Task prompt:
Down to the last line below, write out every line exactly, starting with the one that contains "Photo of Delicious" and leaving out the pictures.

- Opening Delimiter -

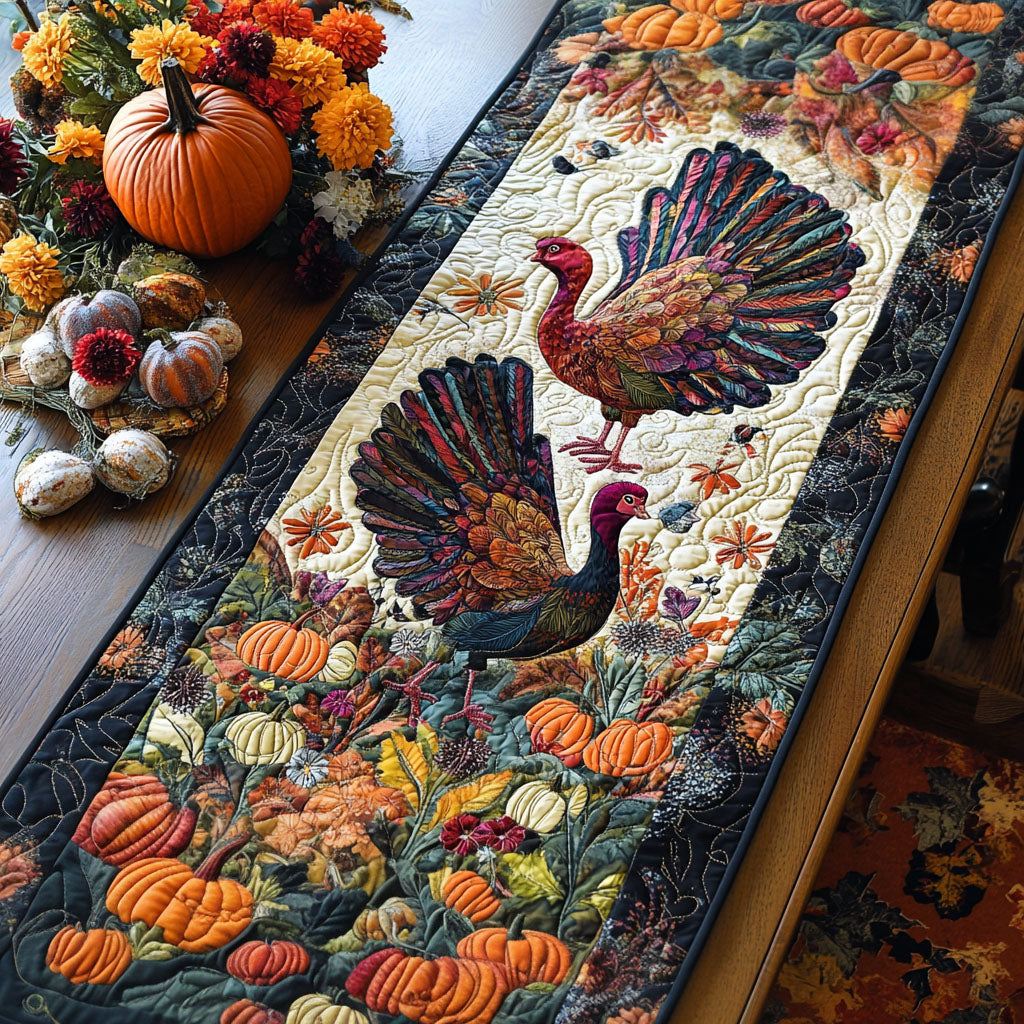 Autumn Feastway Quilted Table Runner Autumn Table Runner Useful Gifts For Mom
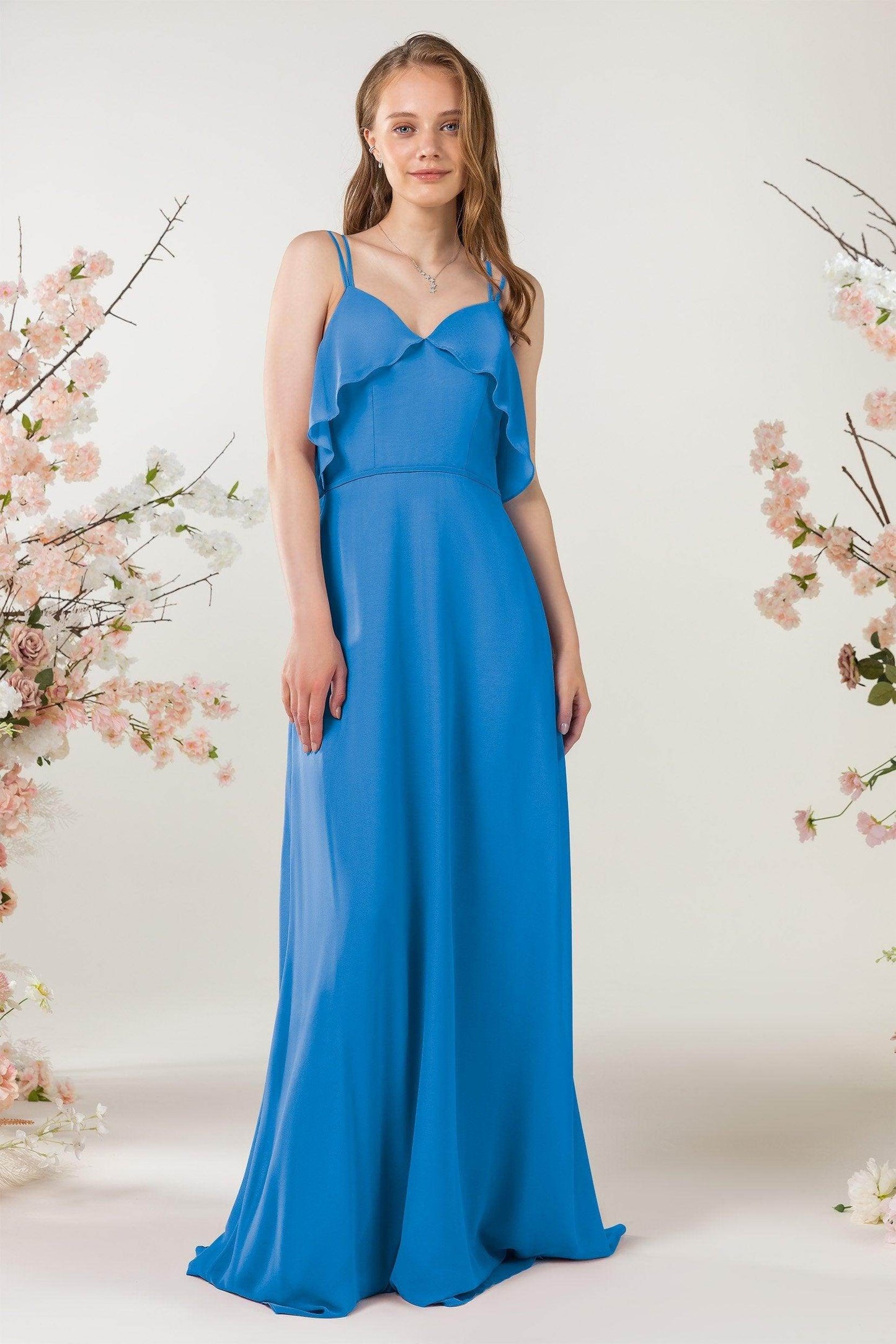 Sheath Sweep-Brush Train Chiffon Bridesmaid Dress CB0472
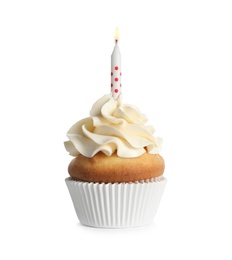 Photo of Delicious birthday cupcake with candle on white background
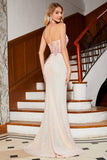 Glitter Pink Mermaid Spaghetti Straps Beaded Prom Dress with Slit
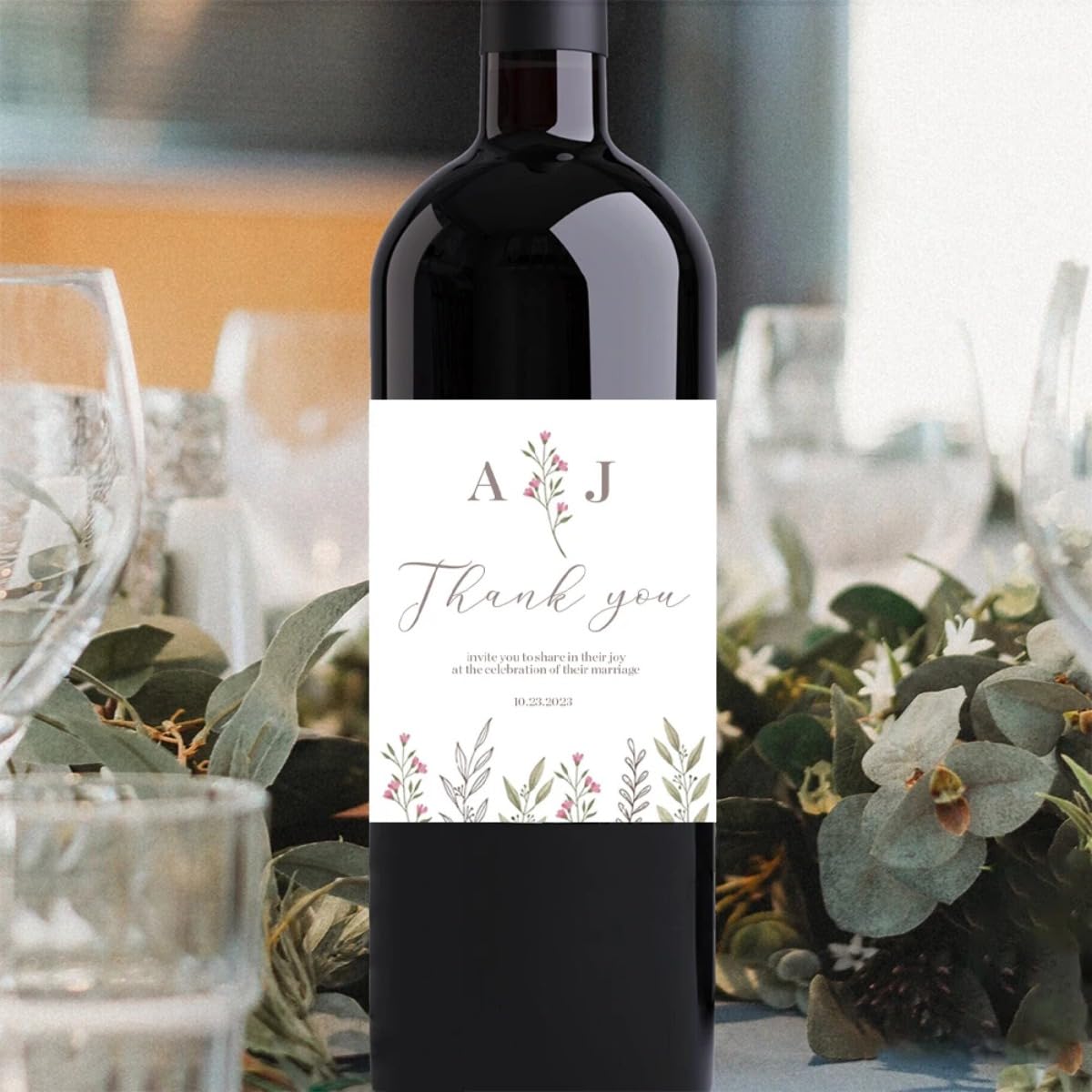 Personalized Wine Bottle Sticker Wedding Engagement Party Gift Bridal Appreciation Party Wine Sticker Label (60Pcs,8.5x10cm)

- Closing Delimiter -

Exercise response:
 Photo of Delicious birthday cupcake with candle on white background
 Glitter Pink Mermaid Spaghetti Straps Beaded Prom Dress with Slit
 Personalized Wine Bottle Sticker Wedding Engagement Party Gift Bridal Appreciation Party Wine Sticker Label (60Pcs,8.5x10cm)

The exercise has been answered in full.